The other horse to watch in this race is Grigory Yavlinsky's Yabloko - a liberal party that has stayed out of government at almost all levels except the Duma, and thus is not associated with the corruption and cronyism of the Yeltsin era.


Yabloko won 7 percent of the vote in the 1995 Duma elections. Polls now show them receiving anywhere from 7 percent to 15 percent this time, putting them in third place behind Fatherland-All Russia and the Communists.


"One of the most interesting and important questions in this election is how well Yabloko will do," said Vladimir Pribylovsky, a political analyst at the Panorama research center. If Yabloko does well - winning, say, 15 percent of the vote - there is a chance for a new wave of economic and political reform in Russia, said Pribylovsky.


"If Yabloko significantly increases its representation in the Duma they will have room to maneuver and influence the situation," said Pribylovsky. "If not - if they win 7 percent like last time - we will have at least four more years of corrupt nomenklatura capitalism, with a small powerless democratic opposition."


Yabloko, the Communists and Fatherland-All Russia - all of these favorites are enemies of Yeltsin's administration. And none of the Kremlin's friends are expected to do well at the polls this winter.


Few expect the Our Home Is Russia party, which is lead by former Prime Minister Viktor Chernomyrdin and is traditionally the Kremlin's closest ally, to even make it into the Duma - it is not likely to clear the 5 percent barrier.

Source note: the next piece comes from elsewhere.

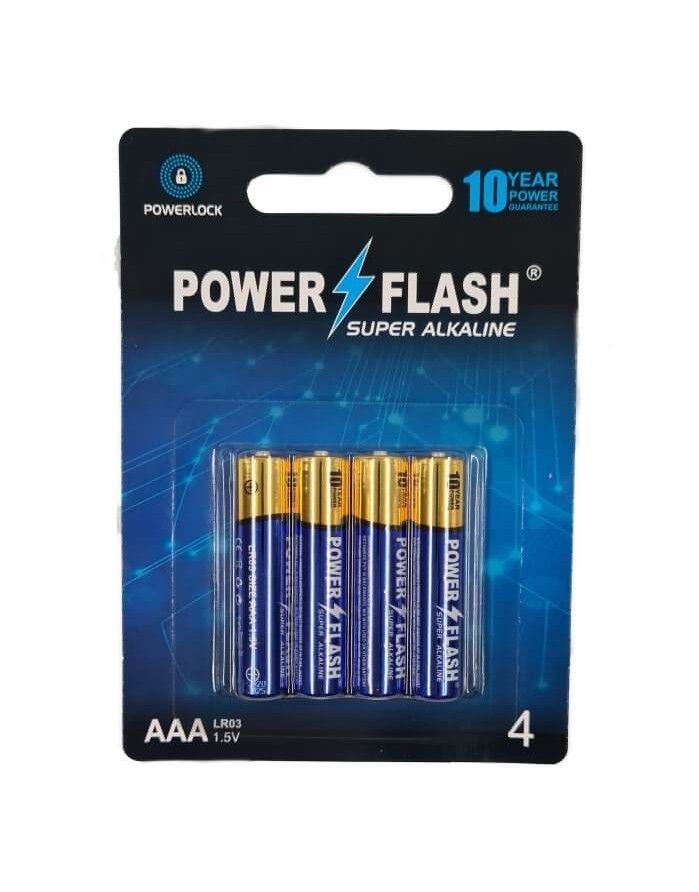 Batteries POWER FLASH Super Alkaline AAA LR03 1,5V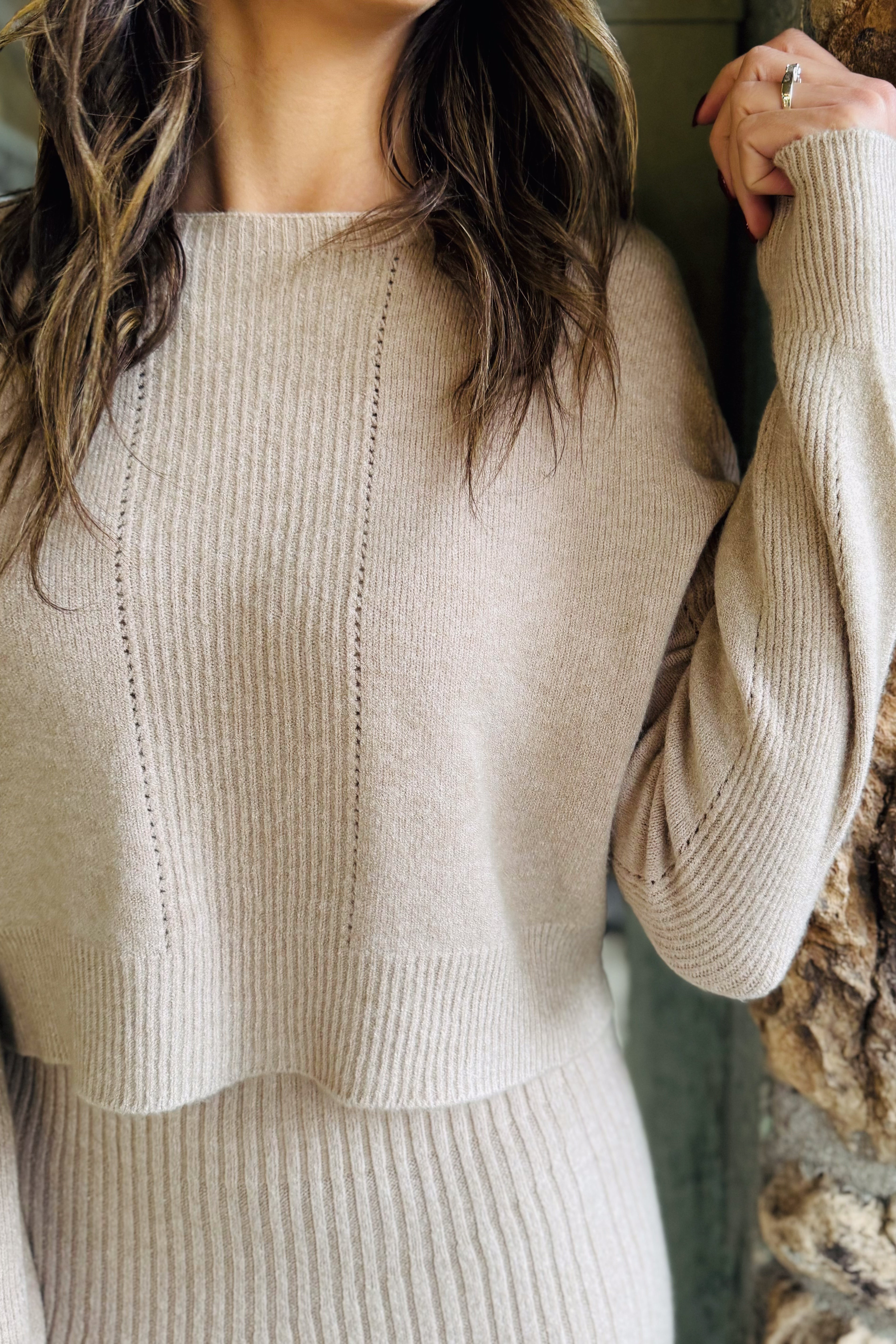 Long Sleeve Crop Sweater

Others who may founder on that 5 percent barrier include the Union of Right Wing Forces, which is headed by former Prime Minister Sergei Kiriyenko and former Deputy Prime Minister Boris Nemtsov; and even the flamboyant Vladimir Zhirinovsky and his merry men of the Liberal Democratic Party of Russia.


The LDPR - whose pro-government voting record has overshadowed Zhirinovsky's acerbic nationalistic rhetoric - was denied registration last week by the Central Electoral Commission, which claimed that several party members had lied on their property declarations. The party later managed to register as the Bloc of Zhirinovsky.

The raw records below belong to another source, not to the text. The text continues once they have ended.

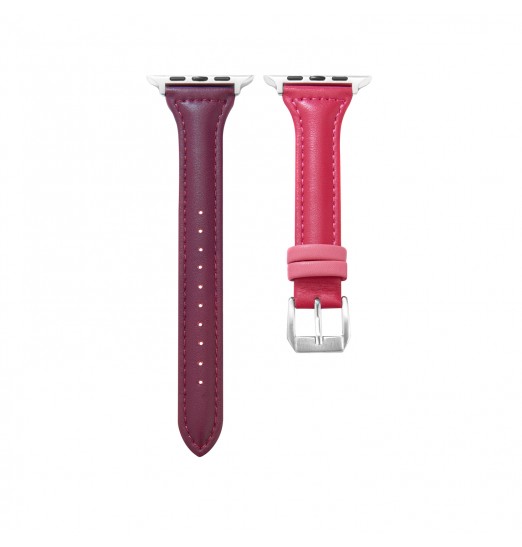 1 correa de reloj inteligente, correa de reloj de cuero para mujer para Iwatch Band 40mm 44mm 38mm 42mm Series Se 654321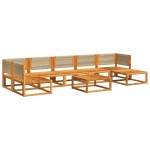 vidaXL Set canapele de grădină cu 8 piese, lemn de acacia și frânghie vidaXL Set canapele de grădină cu 8 piese, lemn de acacia și frânghie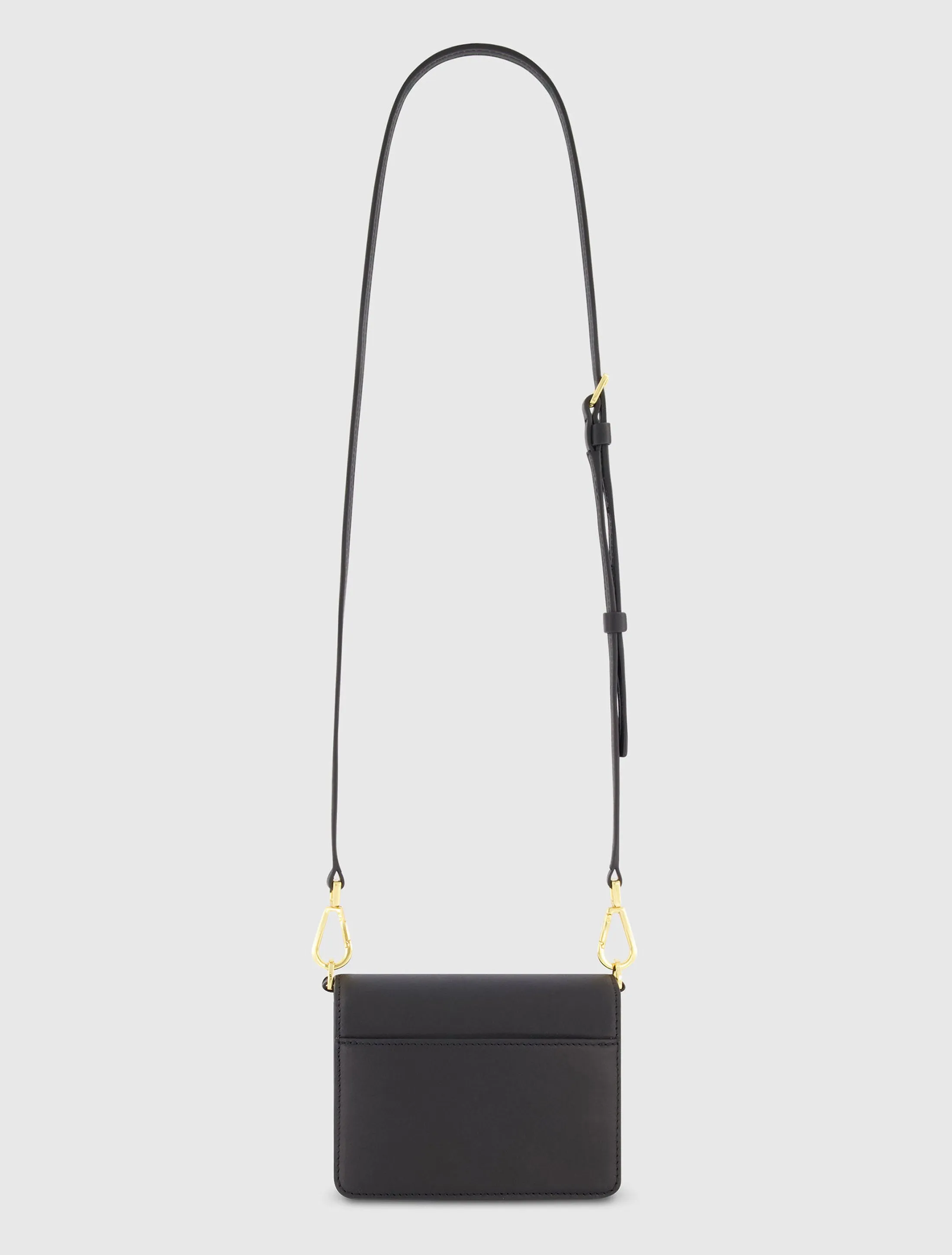 Black Mini Leather Tone On Tone Crossbody Bag sold by Mac Duggal product image thumbnail 3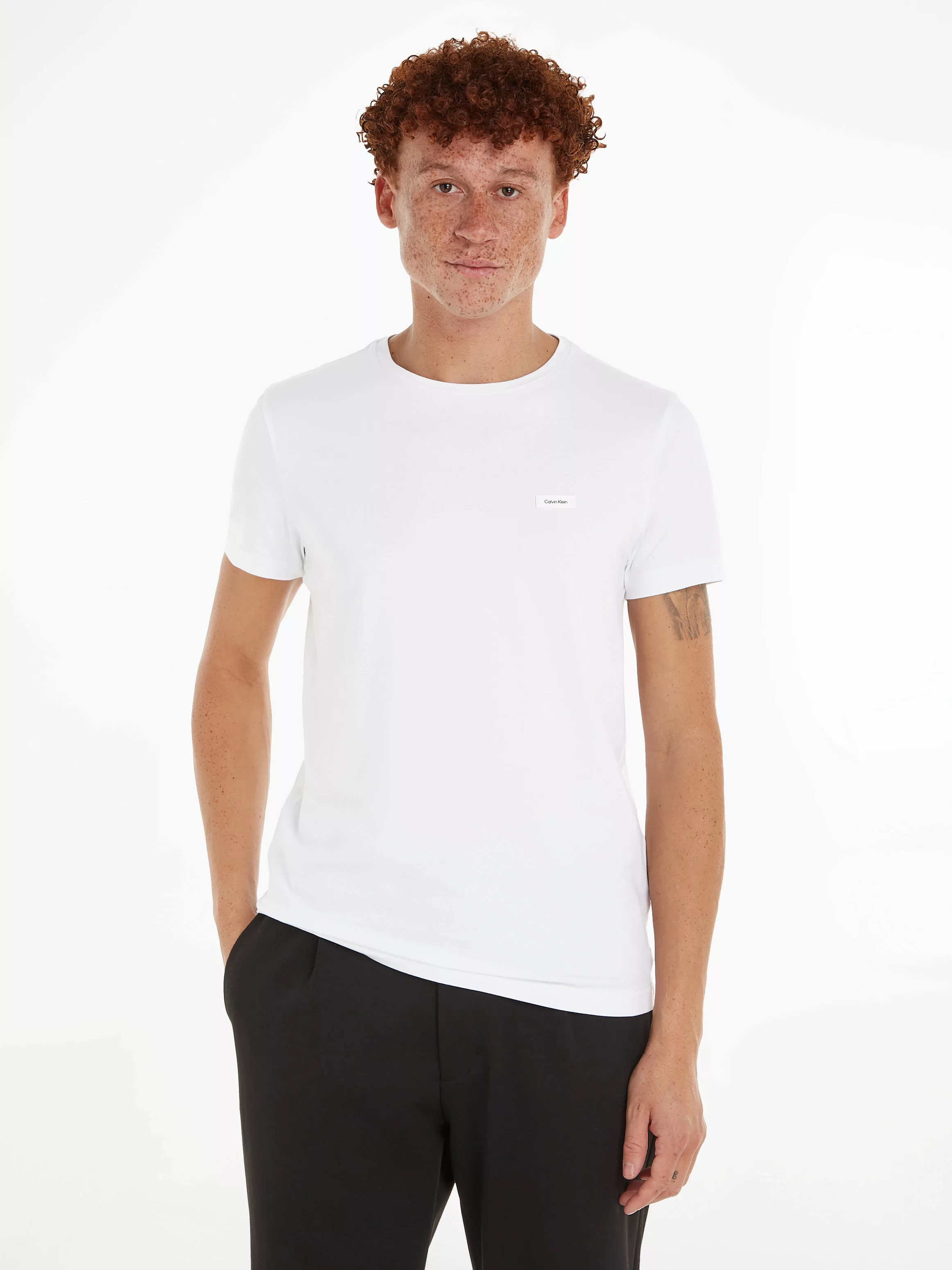 Calvin Klein T-Shirt STRETCH SLIM FIT T-SHIRT günstig online kaufen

A hastily formed cheap imitation of Fatherland called Unity, headed by Emergency Situations Minister Sergei Shoigu and comprised of regional leaders who have not yet allied themselves with Luzhkov and Primakov, is also unlikely to capture 5 percent of the national imagination.


The point of Unity, most analysts say, is less to get into the Duma on the national party list than it is to siphon votes away from Fatherland-All Russia. But even if Unity's national party list is a failure, the governors can influence the results of single-district elections.

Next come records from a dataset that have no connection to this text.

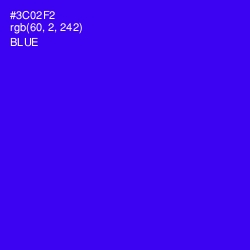 #3C02F2 - Blue Color Image
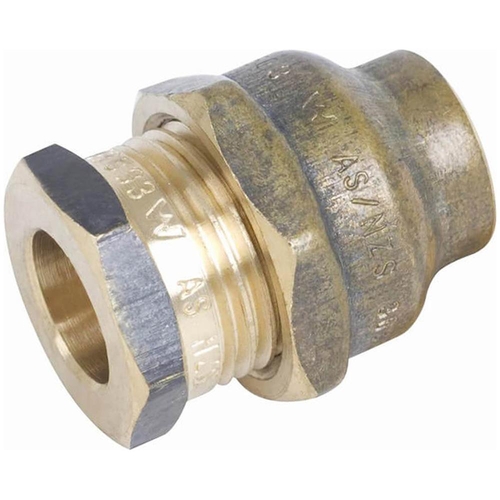 15mm FL X 15mm FL Flared Compression Union Brass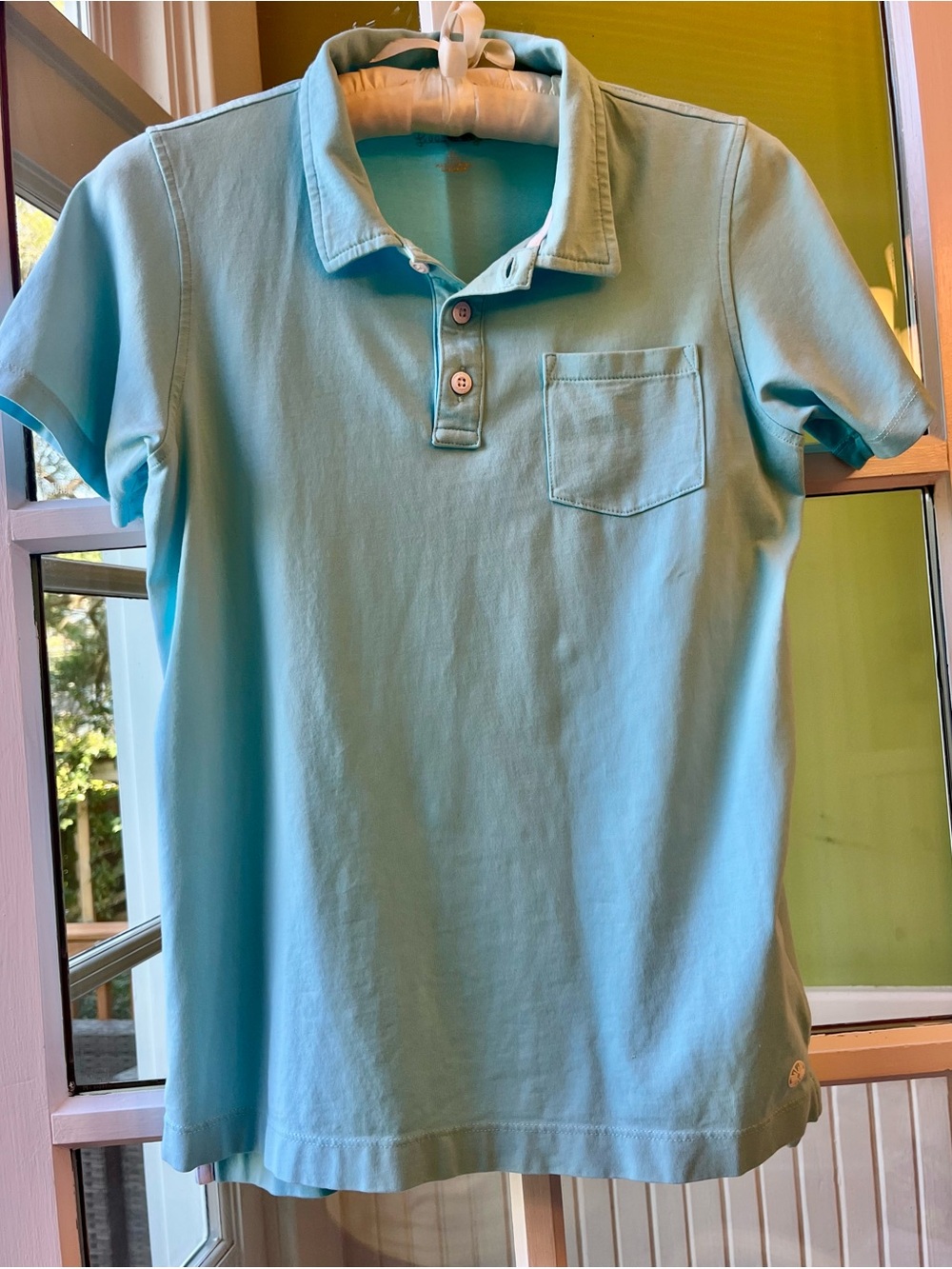 Lilly Pulitzer Light Blue Kids Polo with Chest Pocket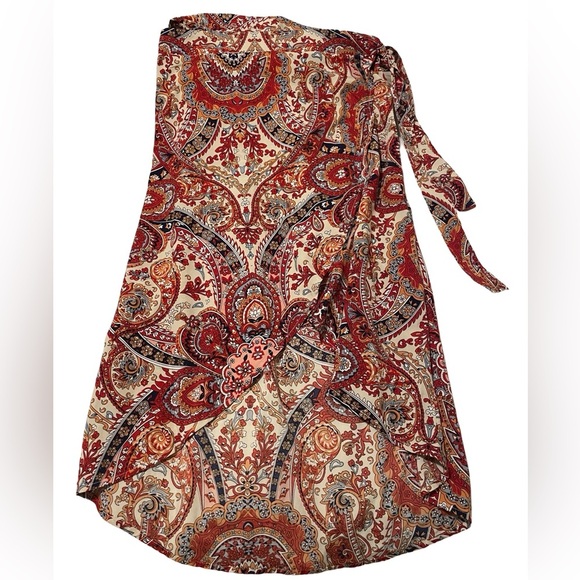 SHEIN Dresses & Skirts - SHEIN Paisley Wrap Skirt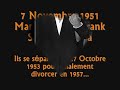 voil� une vid�o sur les quatre femmes de frank sinatra avec les dates de mariage et de divorce ^^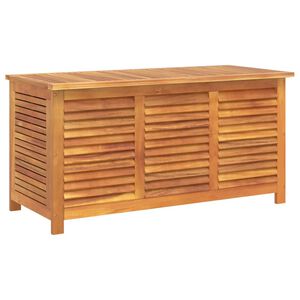 vidaXL Caixa arruma&ccedil;&atilde;o jardim c/ veneziana 113x50x56 cm ac&aacute;cia maci&ccedil;a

Indeed, according to the Carnegie Center's Petrov, about 15 percent of Russia's 225 single mandate districts are completely under control of one regional leader or another. This means that some governors can essentially appoint their own people to parliament.


But again, it depends on who else is running in a given district - and there is always the wild card of celebrity star power. Fatherland-All Russia, for example, has recruited Mikhail Kalashnikov, the man who invented the machine gun that bears his name. Unity has Olympic wrestling champion Alexander Karelin as the No. 2 person on its national list. In one Moscow district, feminist author Maria Arbatova will be running against, among others, former Finance Minister Mikhail Zadornov. And Yury Shutov, arrested in February and charged with organizing a series of contract murders, will run for a seat in St. Petersburg - from jail.


The election will also have its fair share of fringe parties.


This week, ultra nationalist bloc Spas, or Salvation, headed by Russian National Unity leader Alexander Barkashov, registered for the elections. The symbol of Barkashov's RNE is reminiscent of the Nazi Swastika, and the RNE platform advocates a dictatorial state dominated by ethnic Russians. On the far left, Viktor Anpilov's Stalinist Bloc for the U.S.S.R., which includes Stalin's grandson as a party leader, has also been registered.


The deadline for parties to turn in their candidate lists is October 24.